Spikes30 Jan 2015

Bringing on back the good times


USA 4x400

If the 2015 indoor season is even half as good as it was in 2014, then we're all going to be in for a treat. Here are six moments from last year to remind you of bygone good times, and some of the stars to look out for this time round.

Air Lavillenie flies high

Imagine sitting down in your home town to watch a pole vault competition, the event in which you have held the indoor and outdoor world records for the last two decades, only for a Frenchman to set a new absolute world record and change everything.

That's exactly what happened to Sergey Bubka last year. But turns out he was actually quite happy for Renaud Lavillenie after he cleared 6.16m in Donetsk in February. Magnanimous Bubka said it made him the happiest man on earth and was the highlight of his year. That's the spirit of athletics right there.

Genzebe's world record triple

It can't be easy being the younger sister of three-time Olympic champion Tirunesh Dibaba. But last year Dibaba junior achieved a triple of her own, setting three indoor world records in the space of two weeks. 

On 1st February she clocked a 3:55.17 in the 1500m in Karlsruhe, beating the previous world record by over three seconds. On 6th February she ran a world record 8:16.60 in the 3000m at the XL Galan in Stockholm, improving her own PB by over 30 seconds. And then on 15th February she set a new world best 9:00.48 in the two miles in Birmingham, beating her compatriot Meseret Defar’s previous record by six seconds.

It was the first time anyone had achieved three world records in three different events in three separate cities. We're no mathematicians, but we believe the equivalent mathematical formula goes something like 3 x 3 x 3 = Genzebe.

USA beat themselves and the world

Before the final of the men's 4x400m in the Sopot world champs, teams from the USA held the world leading time, the championship record and the world record.

Kyle Clemons, David Verburg, Kind Butler III and Calvin Smith Jr. certainly had a lot to live up to. They also had the revved-up Jamaican and GB teams to compete against, with the reward of one of the biggest prizes in world athletics awaiting the victors. The American foursome thrived, finishing in 3:02.13 to smash the aforementioned teams, records and standings, and giving the Polish crowd the first and only world indoor record of the championships.

Up in the hair

Even in a men's high jump field of supreme quality, the flowing locks of Ivan Ukhov are always popular with the crowds. The Russian has a thirst for victory, and indeed quenched it in London when he became Olympic champion in 2012.

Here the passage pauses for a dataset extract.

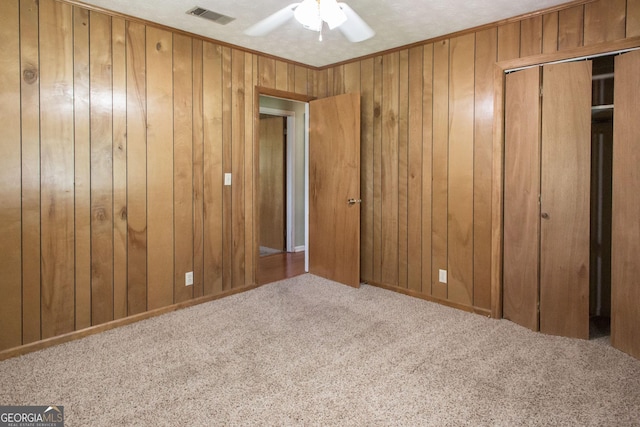 1114 Laurel St, Blackshear, GA 31516 - unfurnished bedroom with carpet, a ceiling fan, a closet, visible vents, and wooden walls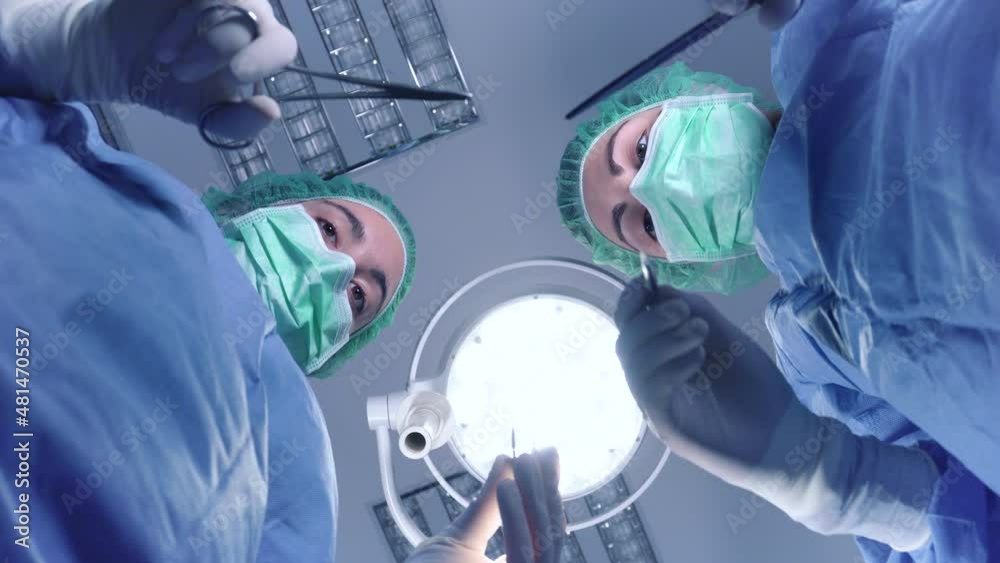 From below female surgeons in medical uniform using professional tools while standing under bright light in operating theater. High quality 4k footage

Last year in Prague he jumped a new personal best and European indoor record. His 2.42m was the second highest indoor leap in leaping history. Now that's something worth raising a glass to.

Eaton chases his shadow

The most captivating thing about the multi-events is that every single step, every throw, every jump can be the difference between ultimate success and failure. You can't ease off in a heat, or relax knowing the rest of the field can't catch you.

Well, actually, there are few in the world capable of catching Ashton Eaton, the world record holder in both the indoor heptathlon and outdoor decathlon. But that doesn't stop him pushing, even if it just means chasing his own shadow.

And only a shadow of a split second came between Eaton and a new heptathlon record in Sopot, which left him short of his own best by a mere 13-points after seven events. But boy did he try, and dang did we enjoy watching him.

NR, PBs and WL for NB

No, not another mathematical equation. In the pentathlon in Sopot, a 23-year-old Nadine Broersen (NB) produced her very best form, setting four personal bests (PBs) in five of the events to win gold with 4830pts. It was also a world-leading (WL) score and a new Dutch national record (NR).

Her words afterwards say more than our laconic comment ever could: "I am just so happy. These are tears of joy in my eyes. My head is like a rollercoaster."